Print clear like what digital one? Will it look better than your monitor?
Depends on your print output device.
.png is not a print format.
.psd or .tif is better.
300ppi is 300ppi and it won’t get any better by saving it as a PDF or anything else. Its a raster file and nothing can change that.
300ppi is OK at actual size for most picture files, but for text it is just not good enough.
I print whatever you send me.
png, jpg, svg, tif, psd, gif, pdf, eps, bmp, whatever.
Except for .psb. Well I will, but it might cost you more.
People send .png files when they can’t figure out how to preserve transparency in a tif.

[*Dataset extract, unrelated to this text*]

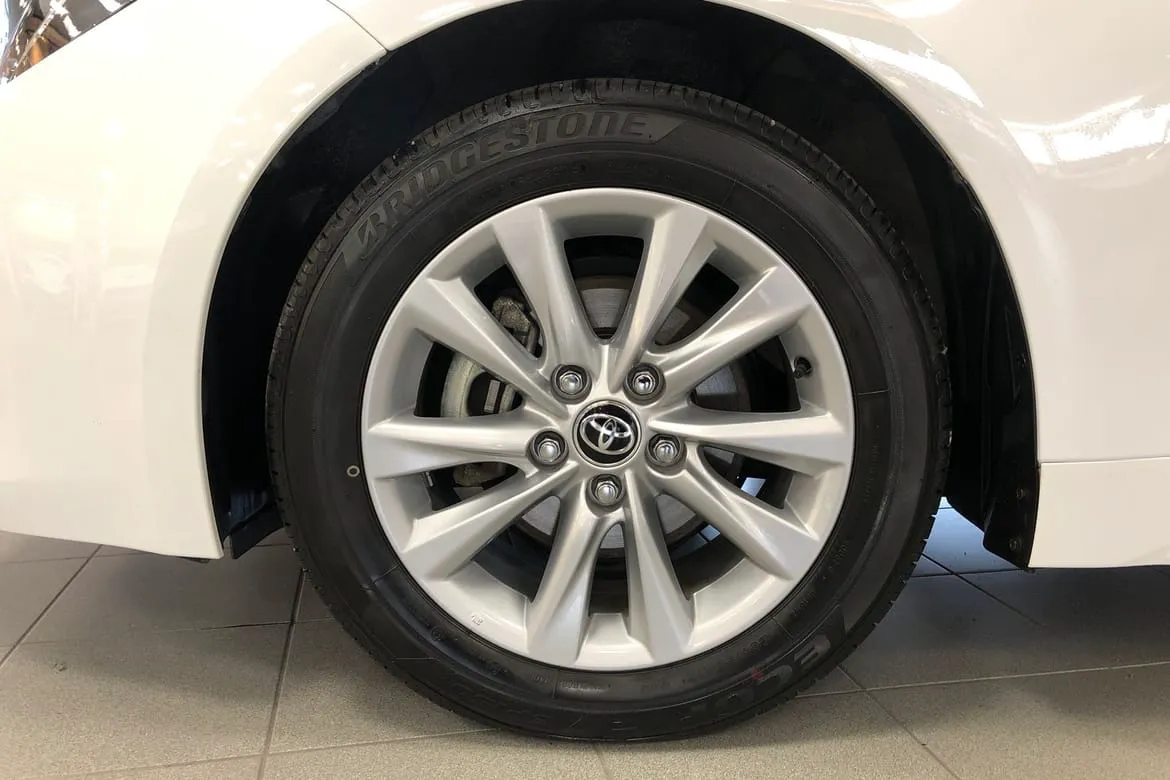 Vehicle image 16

There are compression formats though that do not preserve image data on saving, and others that do not play well with rips. Even an LZW compressed tif used to give Quark conniption fits on ripping. Might still, I don’t know.
The .psd and .tif formats are the best bet for print when placing images into layout programs. Whether or not you save to PDF after that is pretty much up to the print vendor.

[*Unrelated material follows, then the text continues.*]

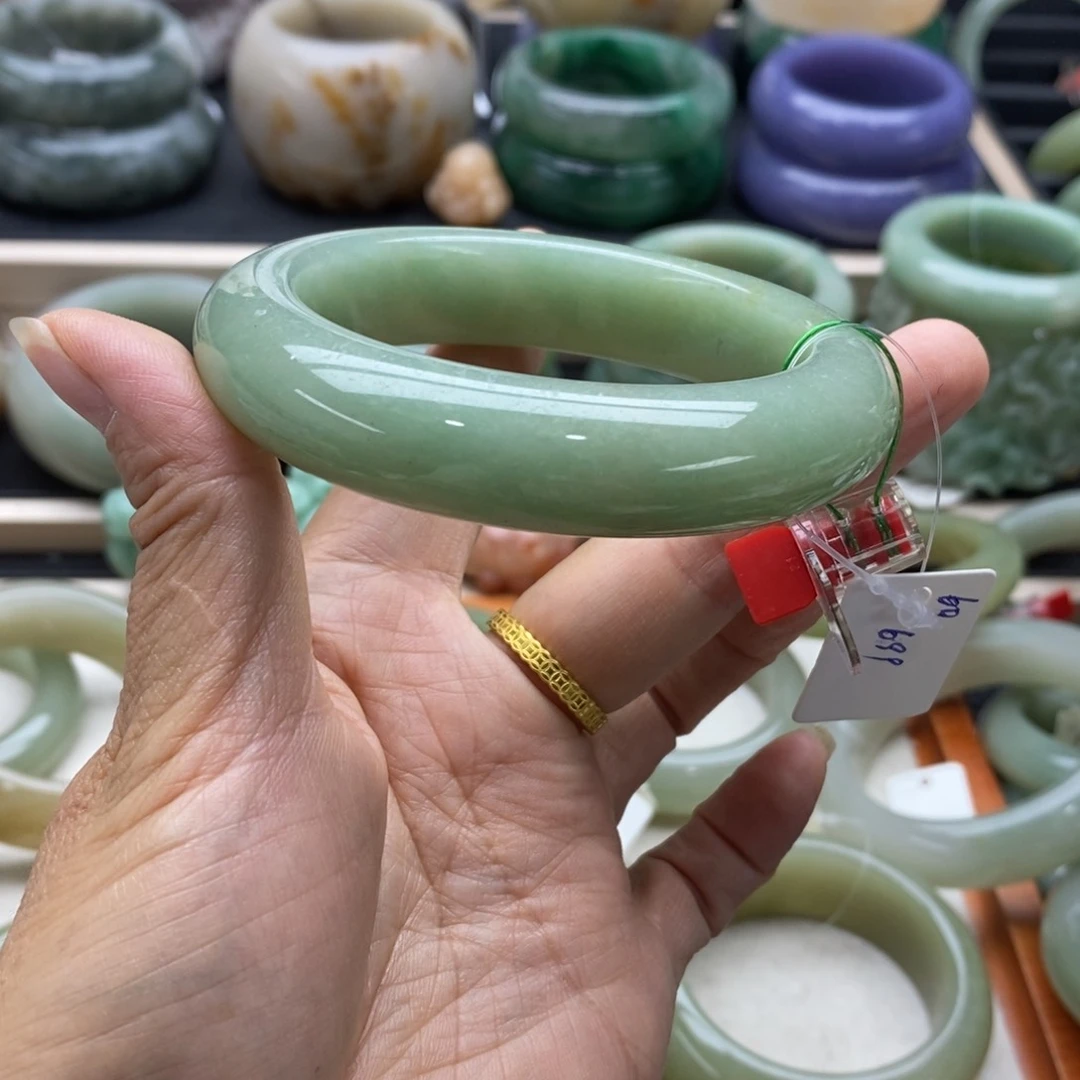 未镶嵌手镯石英质玉甜*蜜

If just printing to a desktop photo printer, it really does not matter, except for the compression artifacts you may get if using jpg.
Just picking up on this, which has already been touched upon. PNG is not a print format; it’s a format for displaying objects on a monitor.
That said, if you print out a PNG from, for example, a color desktop printer, it will probably work just fine. This is because the desktop printer will separate the RGB information in the PNG into what it needs to print the images using inks the desktop printer has. This can also be true when sending off a PNG to a commercial digital printer, like PrintDriver’s company. As he said, he’ll print what you send him — even if it’s not ideal.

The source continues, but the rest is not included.